ACTIVITY:
Could you output the whole listing exactly as it stands, minus any images?

RECORDS FOR THIS EXERCISE:
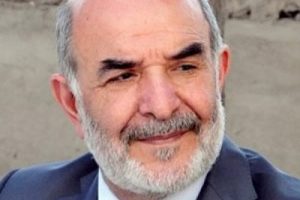 &Uuml;nl&uuml; k&ouml;şe yazarı istifa etti!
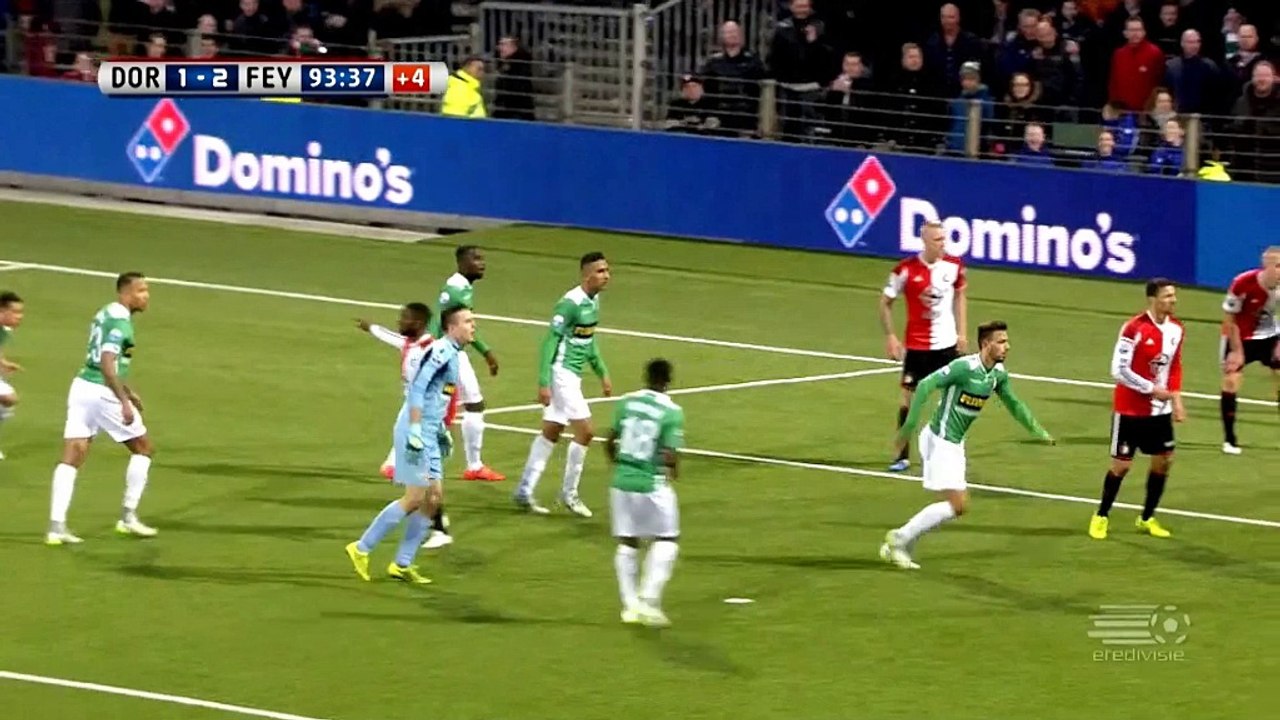 Glanzparade verhindert Torwart-Tor per Kopf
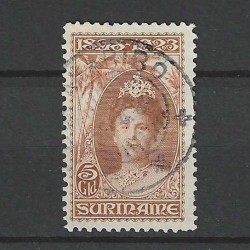 Suriname 110  Wilhelmina  5Gld  VFU/used  CV 290 €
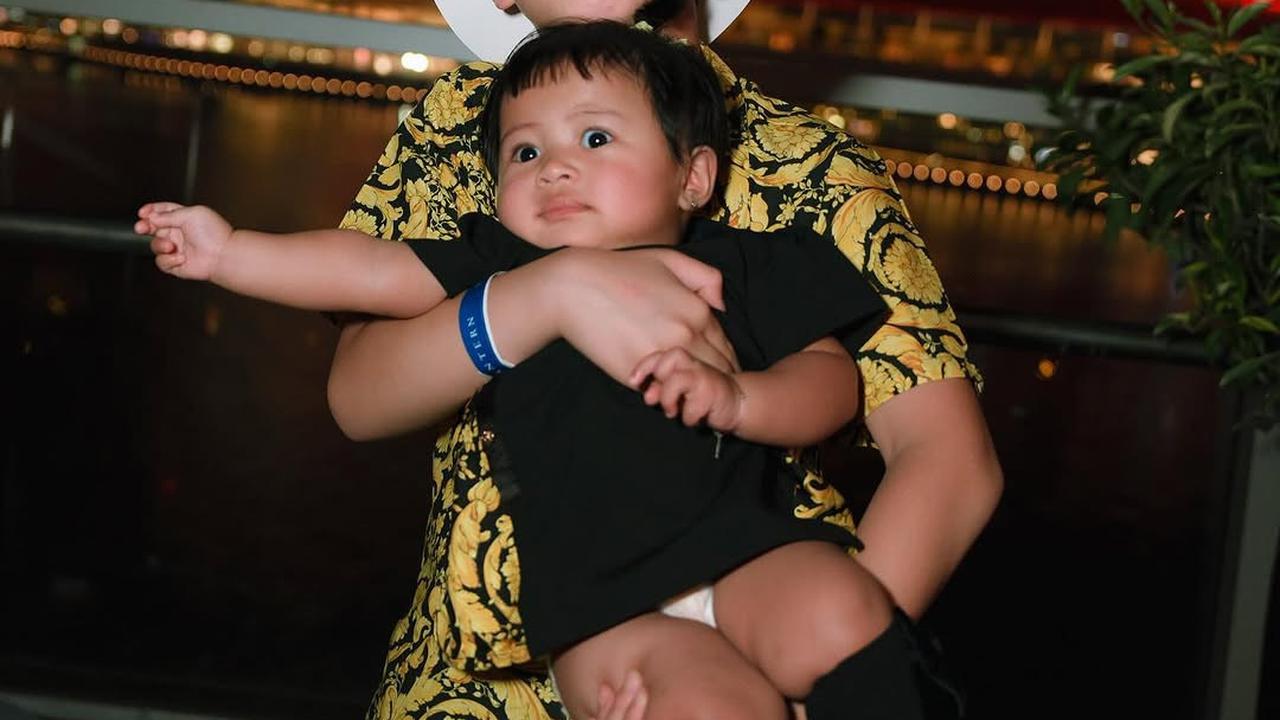 Potret Gemas Rafathar Gendong Lily, Ekspresinya Bikin Netizen Tersentuh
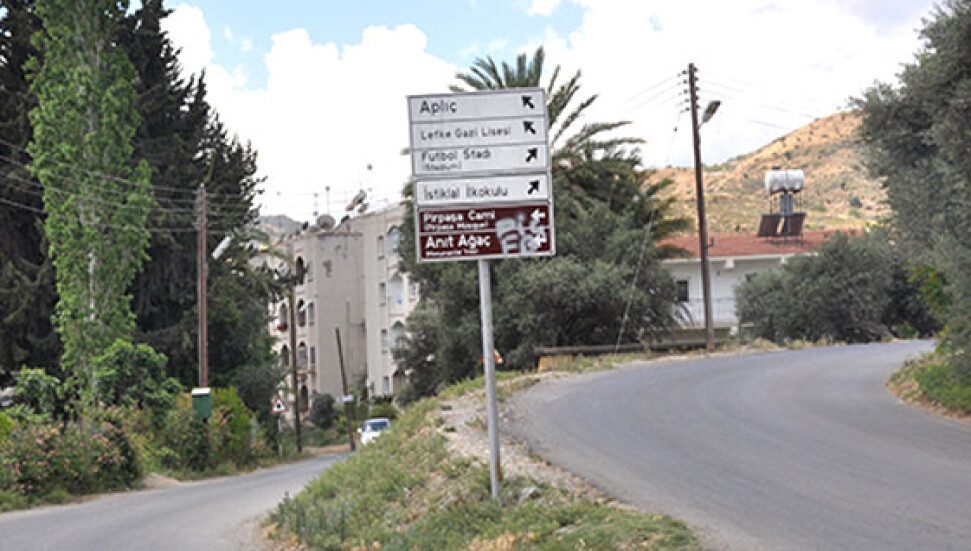 Lefke-Aplıç sınır kapısının açılması içi yol çalışmalarına başlandı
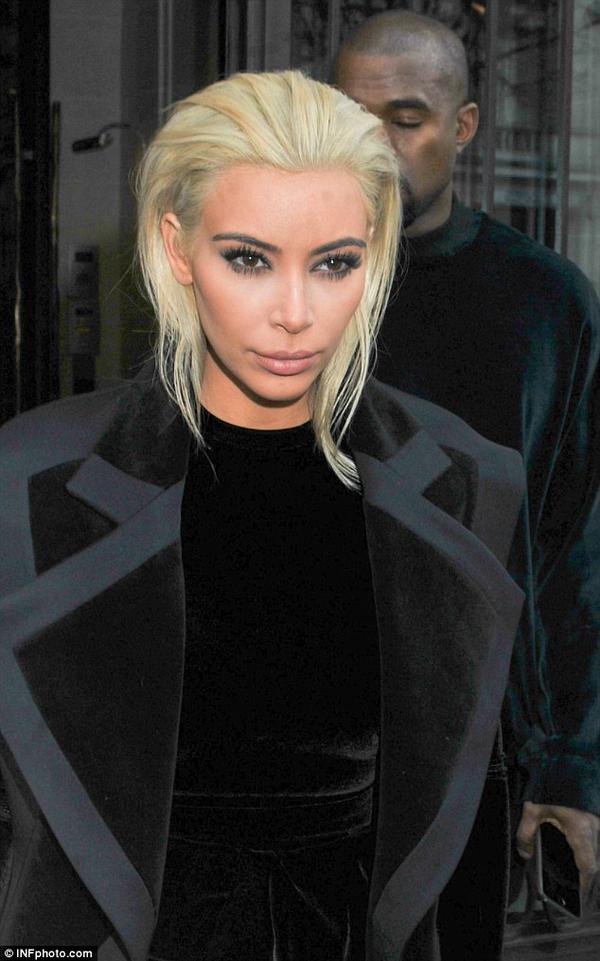 Football Fancast Pa Twitter Kim Kardashian Has Dyed Her Hair
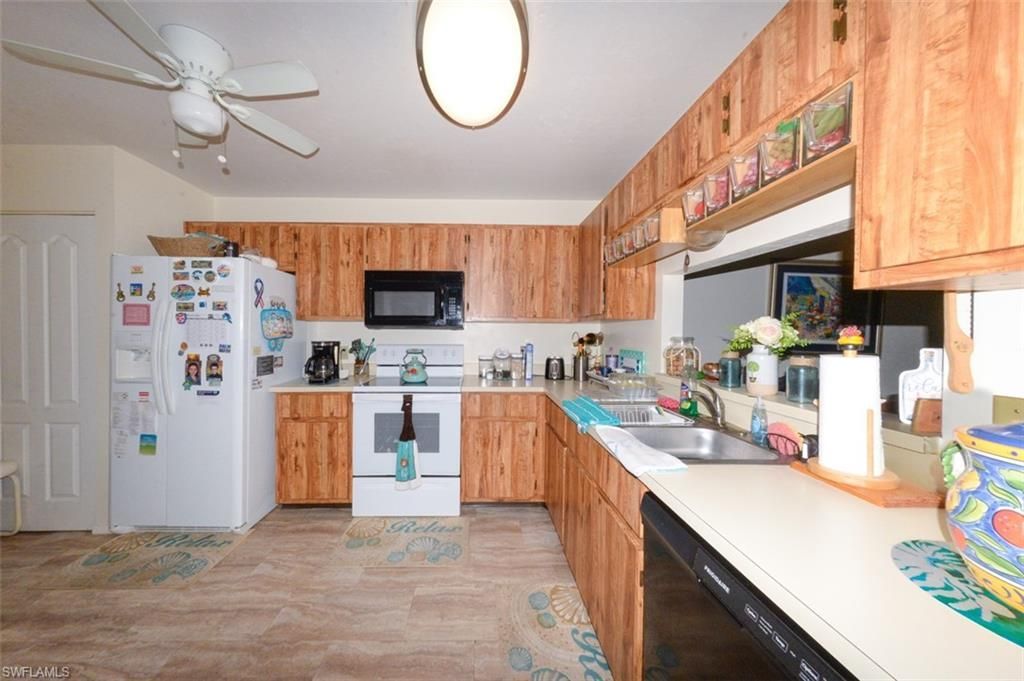 15452 Admiralty Cir, Unit 6, North Fort Myers, FL 33917 Photo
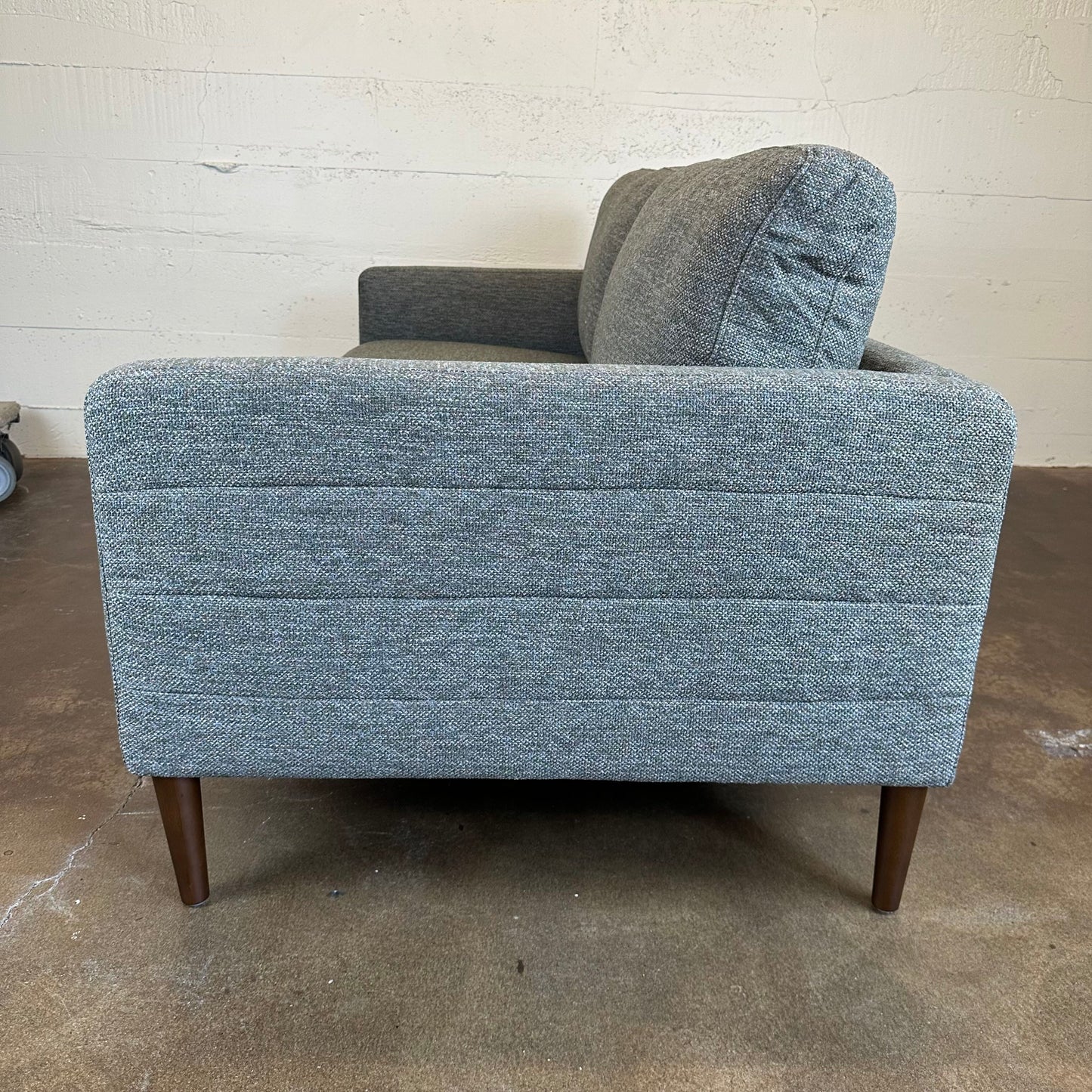 Staten Grove Sofa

REPLY:
 &Uuml;nl&uuml; k&ouml;şe yazarı istifa etti!
 Glanzparade verhindert Torwart-Tor per Kopf
 Suriname 110  Wilhelmina  5Gld  VFU/used  CV 290 €
 Potret Gemas Rafathar Gendong Lily, Ekspresinya Bikin Netizen Tersentuh
 Lefke-Aplıç sınır kapısının açılması içi yol çalışmalarına başlandı
 Football Fancast Pa Twitter Kim Kardashian Has Dyed Her Hair
 15452 Admiralty Cir, Unit 6, North Fort Myers, FL 33917 Photo
 Staten Grove Sofa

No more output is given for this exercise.